Il Consiglio Nazionale delle Ricerche (Cnr) ha le idee molto chiare sulle priorità che dovrà affrontare il nuovo esecutivo. Per non lasciare nulla d’intentato, ha formulato in modo conciso e diretto 5 richieste al governo prossimo venturo in tema di ricerca scientifica. Al primo posto della lista – e la cosa non ci stupisce affatto – c’è l’annoso problema delle esigue risorse allocate: che andrebbe immediatamente “tamponato” con 500 milioni di euro.
Maggiori risorse. L’Italia è in forte ritardo come investimenti nel settore ricerca in rapporto al PIL: spendiamo poco più della metà della media UE, e appena più di un terzo rispetto all’obiettivo indicato dall’Unione a Lisbona. Servono segnali da subito, quantificabili grosso modo in 500 milioni di euro. Al solo CNR, per coprire con tranquillità le spese fisse (stipendi, affitti, bollette) e stimolare nuovi programmi di ricerca, servirebbero non meno di 100 milioni in più.
Incentivare i privati. Il deficit italiano nasce da un rapporto pubblico-privato opposto rispetto alla media e agli obiettivi europei: le imprese dovrebbero coprire circa i due terzi degli investimenti in ricerca e sviluppo. In Italia fatichiamo a causa della scarsità di grandi gruppi e per la presenza di molte imprese medio-piccole. Lo Stato deve incentivare il privato, con meccanismi quali una maggiore defiscalizzazione.

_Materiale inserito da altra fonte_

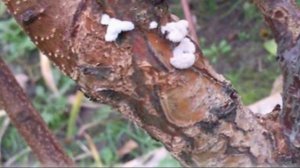 Виды болезней черешни и методы борьбы с ними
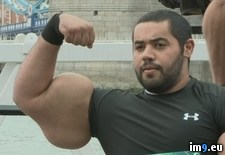 Tags: ego, synthol, wtf (Pict. in My r/WTF favs)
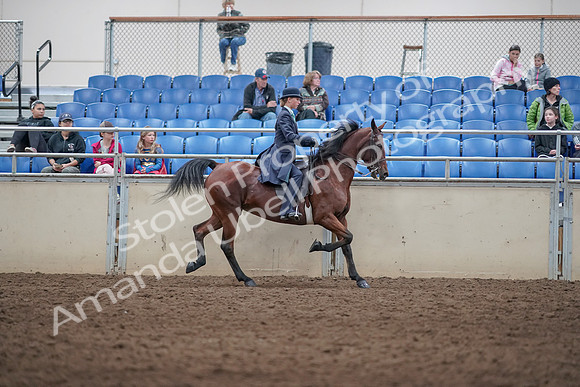 2019 Morgan Horse Show - Aug 31, 2019 - 09546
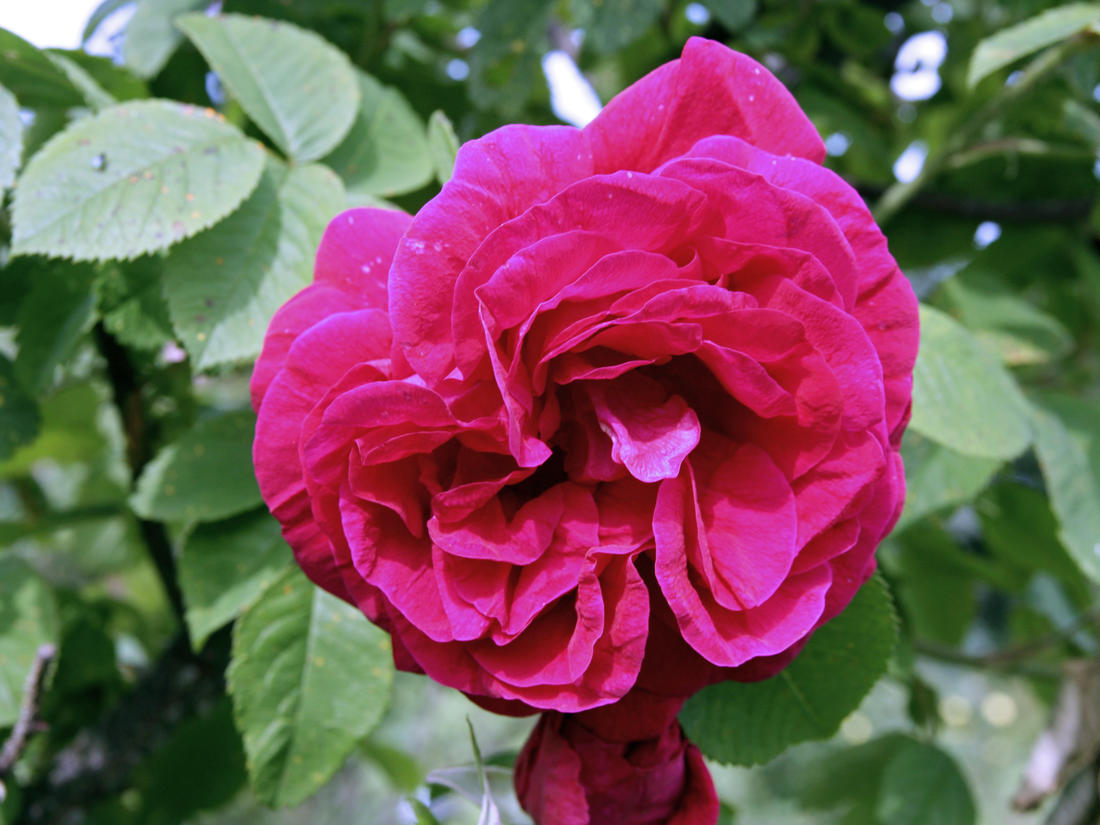 Odrůda Ruskin je hybridem Rosa rugosa Ruskin, kříženec růže svraskalé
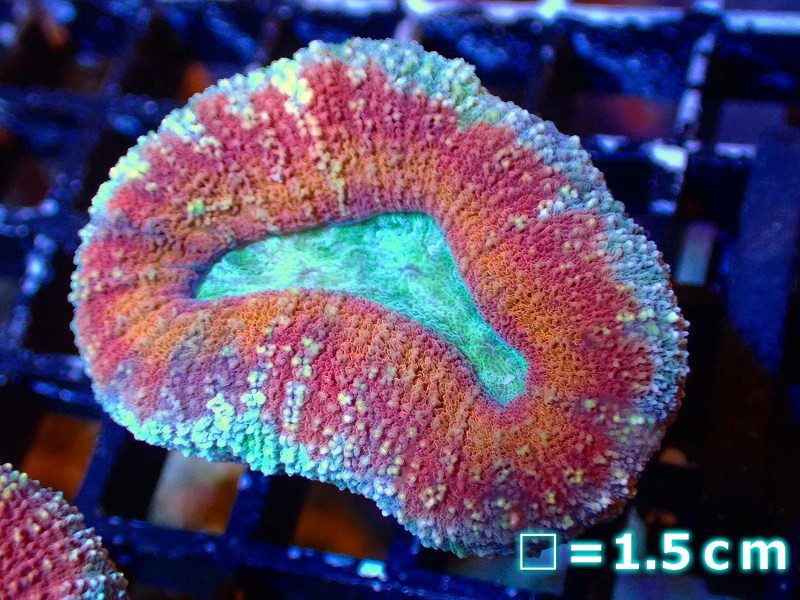 【サンゴ】ハナガタサンゴ（Ultra Grade)【UCA/オーストラリア産】（個体販売）No.7（生体）（サンゴ）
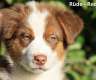 Australian Shepherd Welpen,...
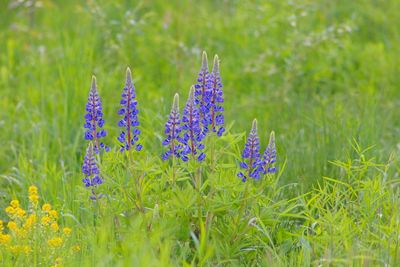 Close-up of fresh purple lavender flowers on field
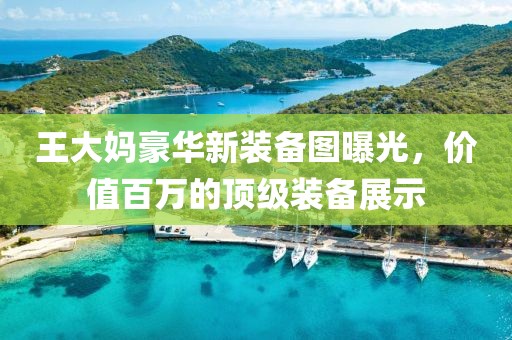 王大媽豪華新裝備圖曝光，價(jià)值百萬(wàn)的頂級(jí)裝備展示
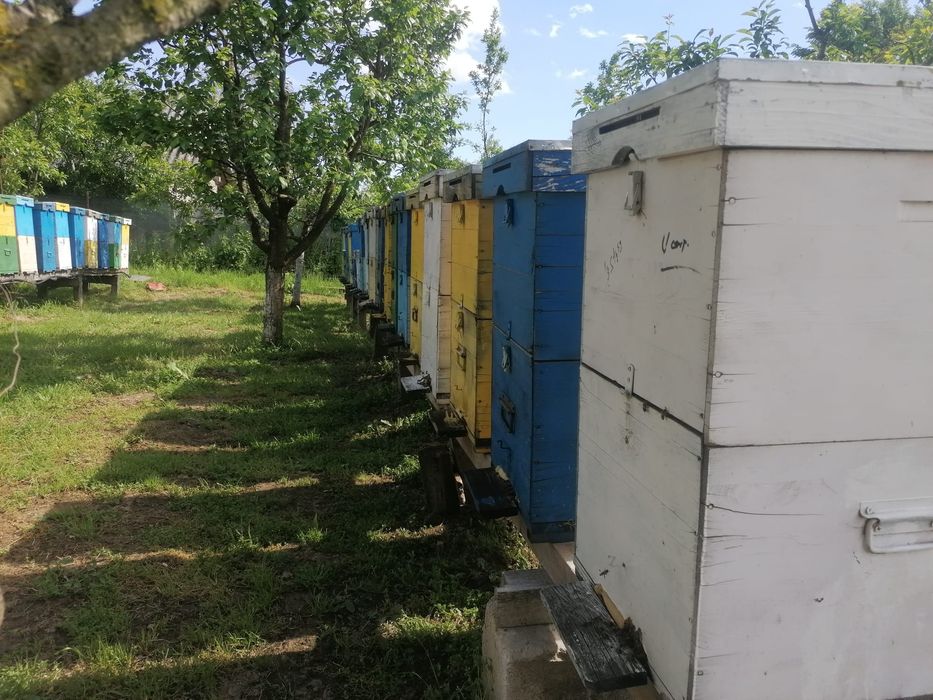 Stupi de albine familii 370 / stup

Coordinamento. Il comparto ricerca è complesso: spartisce le insufficienti risorse finanziarie e umane tra università, i maggiori enti pubblici (CNR, ENEA, ASI, INFN, ISS) e decine di enti minori o strutture ministeriali. Poi ci sono il non profit e la ricerca industriale. I potenziali finanziatori e committenti sono non meno variegati, tra nazionali, regionali e comunitari. Serve un piano organico, una distinzione di ruoli e competenze che permetta di evitare la frammentazione e aumentare la collaborazione, indispensabile soprattutto per attrarre maggiori fondi pubblici europei.
Chiarezza normativa. Il comparto ha bisogno di più ricercatori, di energie giovani, garantendo loro un futuro certo e carriere dignitose. Altrimenti, sarà sempre ‘fuga dei cervelli’. Oltreché finanziamenti, servono certezze normative: possibilità di bandire concorsi (le recenti stabilizzazioni sono state sottoposte a estenuanti ‘stop and go‘), di agire in maggior autonomia rispetto alle regole della p.a.

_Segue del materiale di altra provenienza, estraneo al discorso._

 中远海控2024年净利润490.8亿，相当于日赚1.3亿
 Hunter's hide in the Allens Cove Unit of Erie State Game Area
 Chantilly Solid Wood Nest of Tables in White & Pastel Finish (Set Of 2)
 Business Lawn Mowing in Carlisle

Valutazione. La richiesta di certezze investe anche il futuro normativo degli Enti: veniamo da un decennio che ci ha sottoposto a ben tre riforme. Servono anche certezze pluriennali, senza dover temere per le proprie sorti ad ogni legge finanziaria. Un efficace organo di valutazione è in questo quadro indispensabile, per garantire che le poche risorse siano distribuite con imparziale meritocrazia.